The oxford, or balmoral, is a leather dress shoe with lacing built into the shoe itself. It is the base from which every other shoe will be compared, and it can be worn even in the highest dress occasions. Everyone should have one nice plain black pair of oxfords, if only for weddings and funerals.
The derby and blucher are the casual compatriots to the oxford. You can identify the derby by the fact that the laces are not built into the shoe itself but are stitched on, giving the top a little bit of a flap. Originally a shoe for hunting, it was designed to let water seep out if the wearer’s feet got wet. These were originally more appropriate for more semi-formal occasions, but have since been deemed acceptable at any time, from casual to black tie.
The monk strap does away with laces in favour of a buckled patch that goes over the top of the shoe. Having a more daring and unique a design, they can still be worn for formal occasions, but not black tie.

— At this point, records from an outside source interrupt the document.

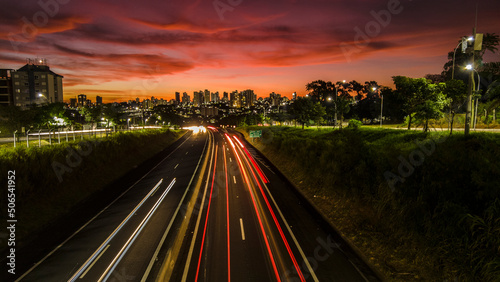 Trail of light caused by vehicular traffic in SP-294  Comandante Joao Ribeiro Barros Highway with buildings from downtown in the background  in Mar  lia 
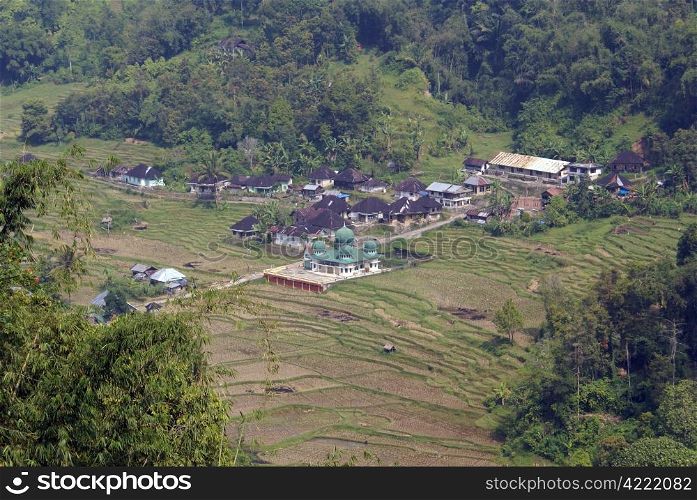 Village with mosque near mount in Sumatra, Indonesia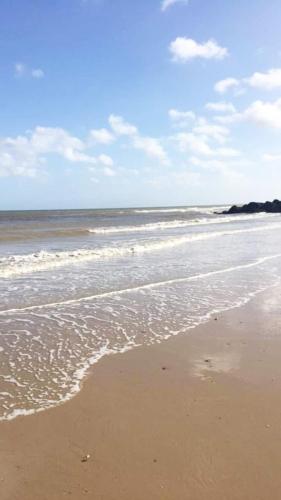a sandy beach with waves on the ocean at 2 Storey 3 Bedroom Chalet -Outdoor Swimming Pool - sleeps up to 6 - 5 min walk to the Beach, near Broads and Great Yarmouth in Scratby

Finally, the loafer just says, “Screw it,” to the concept of laces entirely. The penny loafer is the most popular form, and is so called because you can tuck a penny into the strap over the top of the shoe. There are also the more casual driving moccasins, which are so comfortable they can even be worn without socks.
The brogue can be used to describe any shoe with a pattern of little holes and designs in the leather. This adds weight to the shoe and, like the derby, was originally used to aerate the foot. Any brogue shoe is considered more casual than its plainer cousin. One very elaborate type of brogue is the wing tip, which has a design with a pointed pattern on the toe that tapers back towards the heel; this design is always on a derby and can be two toned if you play golf or swing dance.
Finally, keep an eye on the quality of your shoe. The easiest way is to look at the sole. High quality shoes have leather, not rubber, soles—and are stitched rather than glued.